Sementara itu, untuk penugasan di Instalasi Gawat Darurat (IGD), sistem kerja dibagi menjadi tiga shift sesuai ketentuan rumah sakit pendidikan atau wahana internship. Dalam kondisi tertentu, jam kerja mingguan dapat melebihi 40 jam, namun akumulasi jam kerja selama empat minggu tidak boleh melampaui 160 jam.
Selain itu, peserta yang menjalani jaga malam wajib mendapatkan waktu istirahat atau libur pada hari yang sama setelah menyelesaikan tugasnya.
Investigasi kasus SZM
Penegasan aturan tersebut disampaikan bersamaan dengan proses investigasi atas meninggalnya dokter magang berinisial SZM (25) yang ditemukan meninggal di Apartemen Kalibata City, Jakarta Selatan, pada Minggu (26/7/2026).
Aji memastikan Kemenkes tengah melakukan investigasi menyeluruh dan berkomitmen menyampaikan hasilnya secara terbuka kepada masyarakat.
"Hasil investigasi beserta langkah-langkah tindak lanjut dan perbaikan yang diperlukan akan kami sampaikan secara terbuka sebagai bentuk akuntabilitas kepada masyarakat," ujar Aji.
Sebelumnya, Kapolsek Pancoran Kompol Mansur mengatakan korban diduga meninggal setelah terjatuh dari lantai 18 apartemen.

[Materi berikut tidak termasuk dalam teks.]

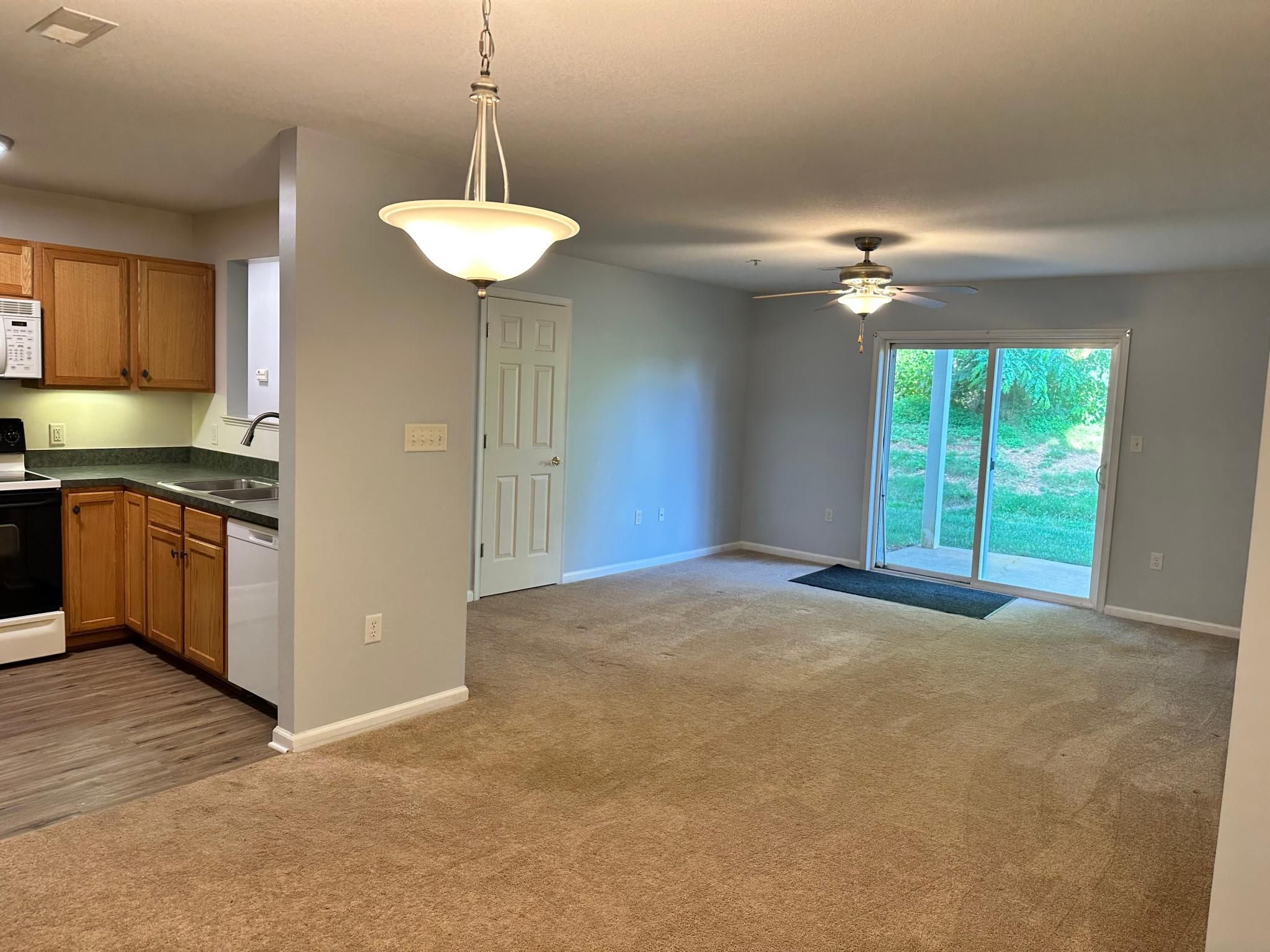 242 N 2nd St D, New Freedom, PA 17349 Trulia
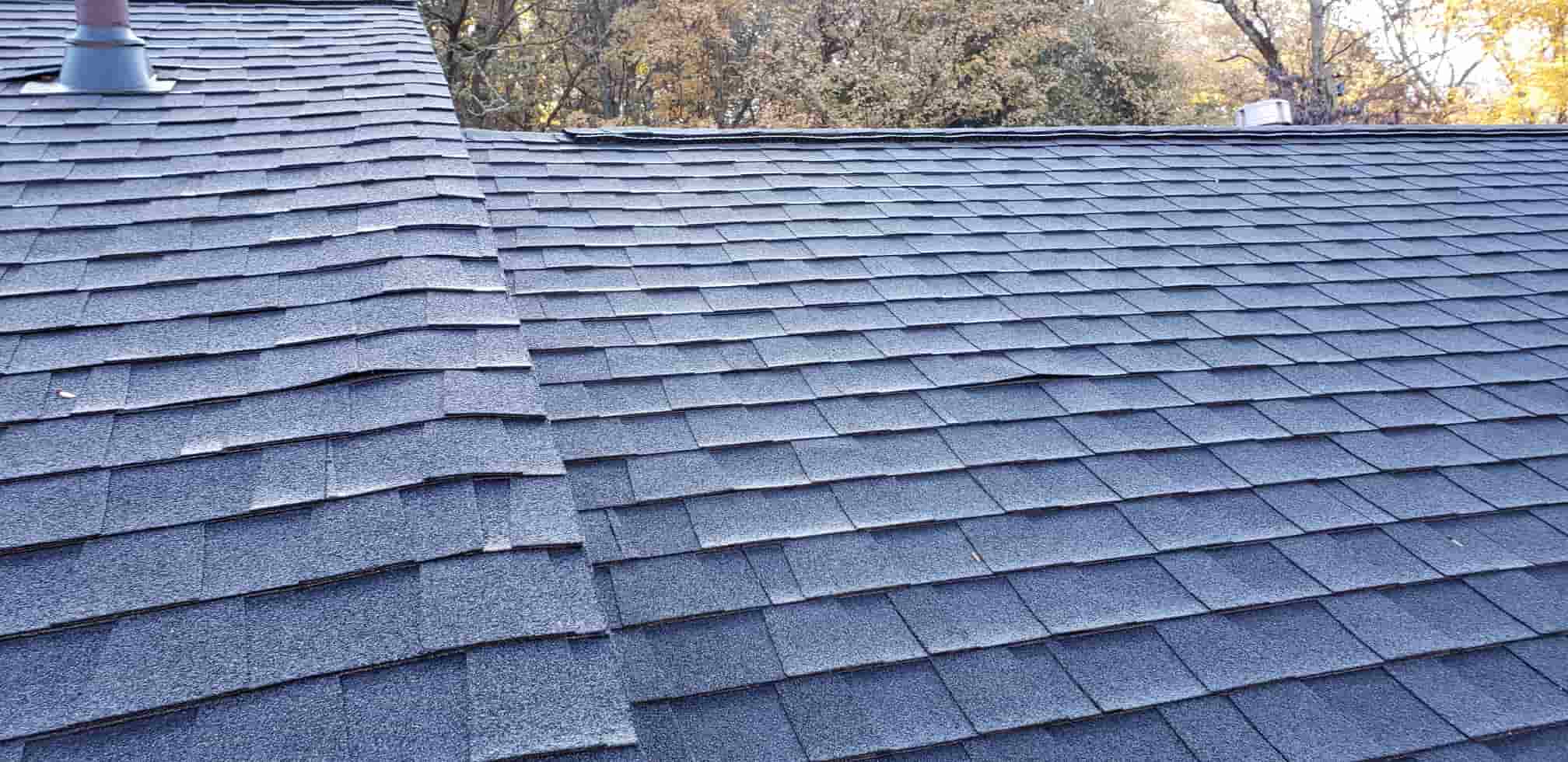 Moving on From an Old Roof- The Complete Guide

Polisi masih melakukan penyelidikan untuk mengungkap penyebab pasti peristiwa tersebut.
Menurut Mansur, peristiwa pertama kali diketahui petugas keamanan apartemen yang mendengar suara benturan keras dari luar gedung. Berdasarkan keterangan awal keluarga, korban dan ibunya disebut beberapa kali mengaku merasakan ketakutan selama tinggal di apartemen tersebut. Namun, penyidik menegaskan penyebab pasti kematian masih dalam proses pendalaman.
Perbaikan program
Kebijakan pembatasan jam kerja merupakan bagian dari reformasi tata kelola Program Internsip Dokter Indonesia yang sebelumnya diumumkan Kementerian Kesehatan. Selain membatasi jam kerja, pemerintah juga memperkuat sistem pendampingan peserta, mengatur hak libur dan perizinan, serta meningkatkan perlindungan bagi dokter internship selama menjalani pendidikan profesi.
Kemenkes berharap aturan tersebut dapat menciptakan lingkungan belajar yang lebih aman sekaligus memastikan pelayanan kesehatan tetap berjalan sesuai standar. (deA/aNs)
Gen Z Takeaway
Aturan maksimal 40 jam kerja per minggu sebenarnya sudah resmi diberlakukan melalui Keputusan Menteri Kesehatan. Di tengah sorotan terhadap kasus meninggalnya dokter magang, Kemenkes menegaskan aturan ini menjadi bagian dari upaya memperbaiki sistem internship sekaligus meningkatkan perlindungan bagi dokter muda.